皆さんは、幸福度の頭打ちの話を一度は聞いたことがあるかと思います。

年収800万までは、幸福度は年収に比例するが、800万を超えるといくら年収が上がっても幸福度は上がらないという話。

つまり、お金を稼げば稼ぐほど幸せになれるというわけではないということ。

日本とアメリカ、どちらの研究や調査でも同じような結果になったそうです。幸福度が上がらない理由としては、1000万以上になると付き合う人たちの年収が青天井になり、どれだけ稼いでも「上には上がいる」ということを痛感させられて常に満たされない思いを抱えるとか、5000万や1億稼ぐようになると同じ金銭感覚で遊べる人がいなくなり孤独を感じるとか。
そういったことが言われているようです。

そして私自身、年収800万を超えたあたりで「頭打ち感」は感じてしまいました。
たかが800万でわかった風な口を聞くなと言われるかもしれませんが、あくまで私個人が思ったことを書かせていただきます。

まず、私が年収800万に辿り着くまでの道のりを簡単に書かせていただきます。

私は底辺レベルの学歴なので、新卒で入った会社は都内の中小企業。当時の年収は、はっきり覚えていませんがおそらく350万くらい。家賃は5.8万か6.8万でした。

数年働いたのちに結婚して専業主婦になりました。最初は好きなことをやらせてもらっていましたが、子供のいない専業主婦なんて本当に暇なんですよね。
なので、派遣社員として働き始めました。そのころの年収もおそらく300万円台だったと思います。

派遣を2社くらい経験した後に、縁があって正社員としてお声がけいただいた会社があったので、派遣をやめて転職しました。

そこでの年収は、最初は500万くらいだったかと思います。そこで働き続けて6年後くらいに年収800万を超えました。

私の場合は、自分の年収が700万を超えるくらいまでは結婚していたため、年収800万の壁というのを感じにくい状況ではありましたが、おそらく世帯年収を一人当たりで割ると年収700万くらいの生活が数年続いていたかと思います。

離婚した頃に800万になり、一人暮らしを始めて完全に「年収800万の生活」となりました。

そこで得た感想はやはり「稼げるものならもっと稼ぎたいけど、これ以上稼いでも貯金するだけかな…」というものでした。

これ以上稼げるものなら稼げきたい。でも、今よりもっと忙しくなるのは嫌だし、そこまでして欲しいものもない、という感じです。
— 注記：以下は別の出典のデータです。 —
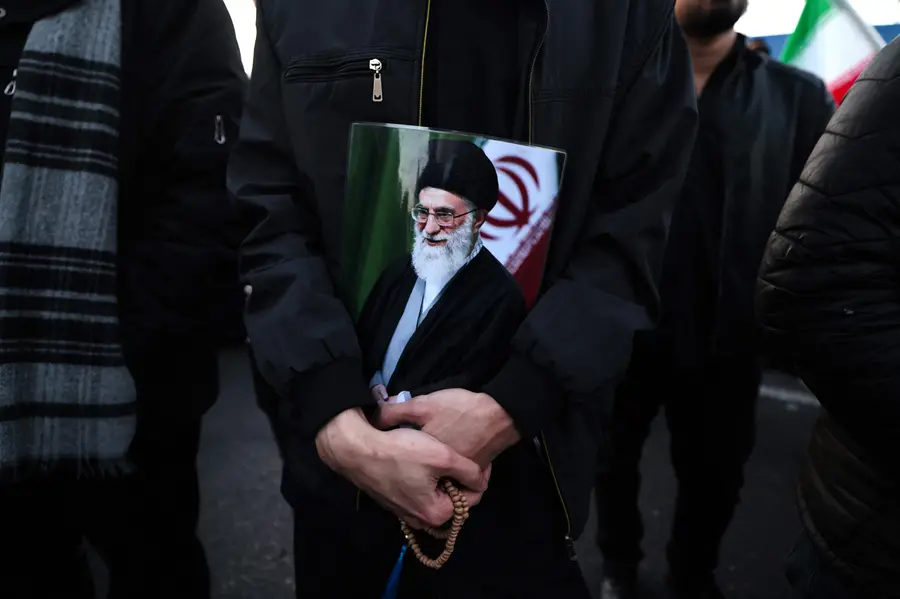 A man holds a poster of Iran’s supreme leader Ayatollah Ali Khamenei, who was killed in joint US and Israeli strikes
年収5000万を超えると時間に余裕ができるようですが、年収800〜1000万あたりというのは、すごく忙しいらしいです。
私の場合は、すごく忙しいということはありませんでしたが、精神的ストレスがとても大きかったです。

いわゆる中間管理職で、部下と経営側との間で常に気を揉みイライラしていました。そのイライラの発散方法は、とにかく寝るか買い物をするか。
若い頃はお酒を浴びるように飲んでいた時期もありますが、もうそこまでお酒への情熱はなく、寝るか買い物で紛らわせていました。

買い物は主に洋服や靴です。そしてたまにバッグなど。
常に、次はどのバッグを買うかということを考えながら、でも欲しいのにすぐには買えないという焦燥感を抱いて、ここでも結局ストレスを抱えていました。

さらに、時はコロナ禍。基本的にはリモートワークだったので、新しいアイテムを買っても身につけていく場所があまりないんですよね。
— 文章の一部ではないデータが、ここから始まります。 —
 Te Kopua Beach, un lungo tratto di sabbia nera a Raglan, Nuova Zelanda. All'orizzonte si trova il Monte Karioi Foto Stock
休日に出かける用事があればその時に使いますが、休日というのは大体月に8回程度。休日に毎回出かけるわけでもないので、人にあったりきちんとした場所に行くのは月に4回くらい。

あたらしい物を買ったとて、お披露目する機会がほとんどないんです。

それに、私の場合は、ということになると思いますが、これといった趣味がない上に消費し続けることに焦燥感を抱くタイプでした。

毎週のように通っていたレストランは、単価1.5万くらい。そしてたまに3〜4万の店にいく。毎月4〜5万は洋服を買い、冬には定価30万のコートをセールで16万ほどで購入するなどしていました。

高級なレストランに行くのはもちろん楽しいです。上質な料理、接客、雰囲気、特別感。特別なルートがないと予約できない紹介制のレストランで、プラチナシートと呼ばれる席に座ればもちろん高揚感はあります。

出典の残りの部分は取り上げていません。